Mohandas Gandhi said nonviolence was the active, unconditional love toward others, the persistent pursuit of truth, the radical forgiveness toward those who hurt us, the steadfast resistance to every form of evil, and even the loving willingness to accept suffering in the struggle for justice without the desire for retaliation. —John Dear CAC.ORG – FR. RICHARD ROHR

 

Marianne rocks

Marianne Williamson, a Democratic Presidential candidate, has been on my radar screen ever since reading her book ILLUMINATA, published in 1994.  Her approach to Picture40spirituality in relation to the insanity of our world focuses on individual as well as governmental responsibility and dedication to nonviolent interaction.  It is refreshing to see an aspirant for political office who is not pumping international conflict and control.

from ILLUMINATA:

Dear Lord, please lift me up and heal me. 
Cast out of my mind all thoughts that are not of You. 
Cast out of me all harsh and critical nature. 
Cast out of me all violence and all anger. 
Cast out of me all demons from my past. 
For I would be made new.

It all begins within me.  Cast out of me all harsh and critical nature.  Cast out of me all violence and all anger.  Do you realize how difficult that can be in today’s world as we are blasted every day with media reports of raging conflicts, of government corruption, of unnecessary death as a result of violence?  Massacres of citizens in Syria, imprisonment of dissenters in Russia, genocide of indigenous people in African countries, suicide bombings in the Middle East, mass shootings in the USA – the ceaseless world horrors grab our attention each day as we watch the instantaneous news coverage.  How in hell can I ‘cast out all harsh and critical nature, violence and anger?’
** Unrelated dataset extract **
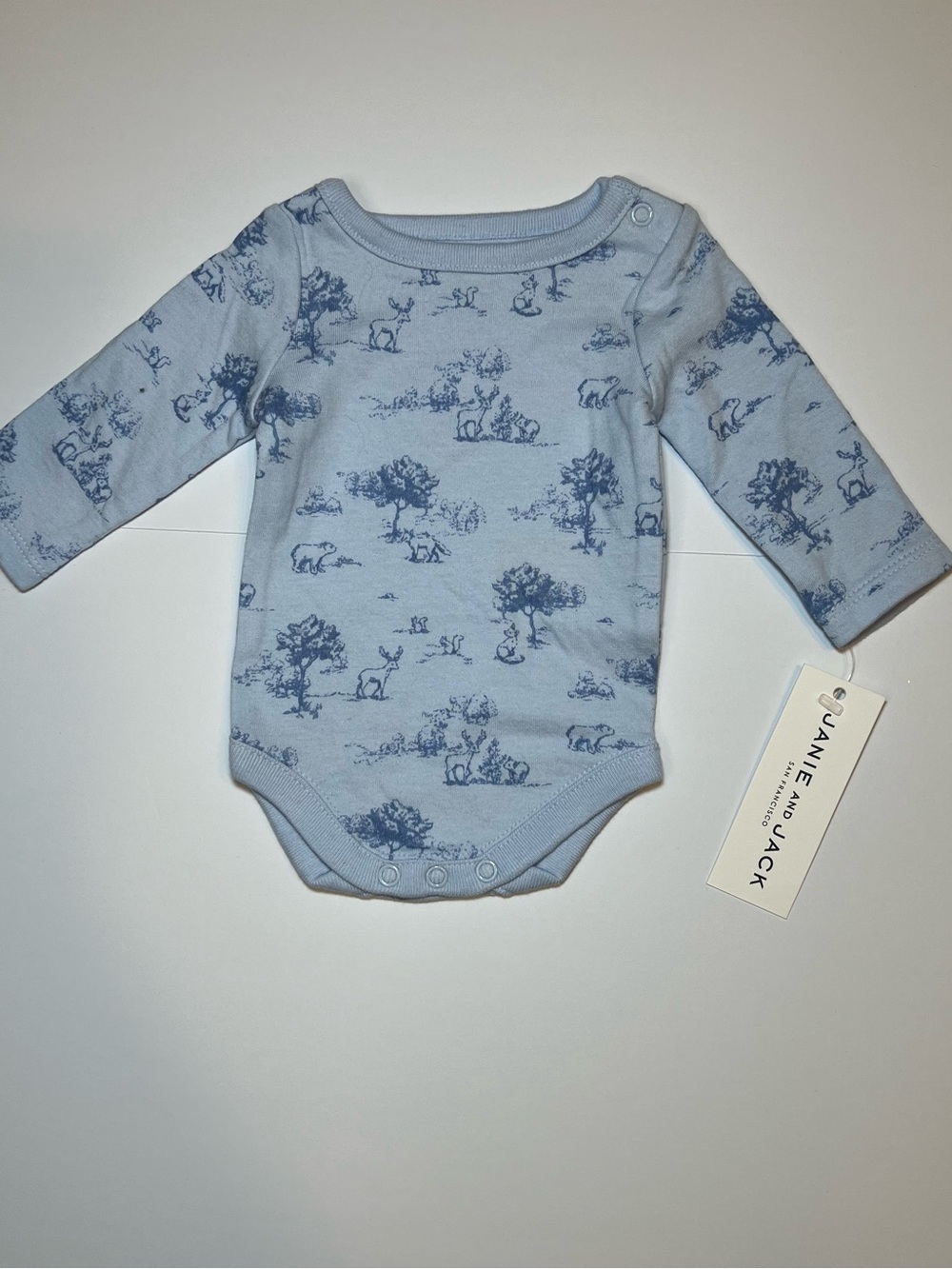 Janie and‎ Jack baby woodland bodysuit Long-Sleeve Baby One-Piece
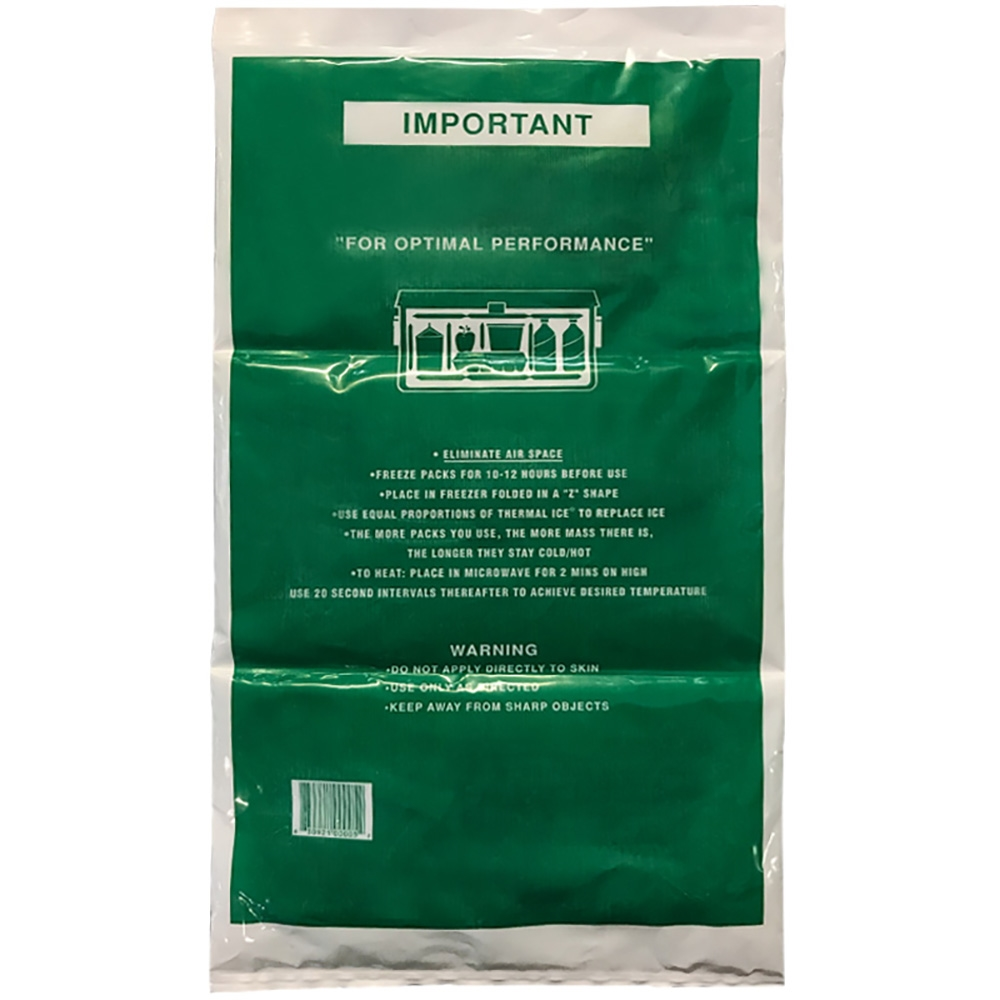 Thermal Ice Tri−Large Ice Pack 4 Thermal Ice Tri−Large Ice Pack - Image 2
It’s impossible unless I retire to my imaginary Mediterranean island with the monks, give up all worldly connections and meditate 24/7.  On that island is peace?  Maybe.  But living in seclusion on an island is not what Jesus taught through his own nonviolent interaction with the Jewish society of his time.  He did not cave, he did not capitulate to the Roman authorities nor the religious corruption of his time.  He participated and embraced all aspects of life in 1st century Israel.

Fr. Richard Rohr at CAC.ORG comments in today’s meditation:

“How is it that many Christians have managed to avoid what Jesus actually taught? We’ve evaded major parts of the Sermon on the Mount (Matthew 5-7): the Beatitudes, Jesus’ warning about idolizing “mammon,” his clear directive and example of nonviolence, and his command to love our enemies. I never see the Beatitudes on courthouse lawns. Perhaps we think his teaching is nice in theory but impractical in real life. Perhaps we do not believe nonviolence can actually effect real change.”

He goes on to say:

“Even the common ‘pro-life movement’ is much more pro-birth than about caring for all life—black and brown lives, refugees, the poor, the sick, immigrants, LGBTQIA people, the environment.” In fact, many “pro-lifers” I know are the first in line to oppose any gun regulation.”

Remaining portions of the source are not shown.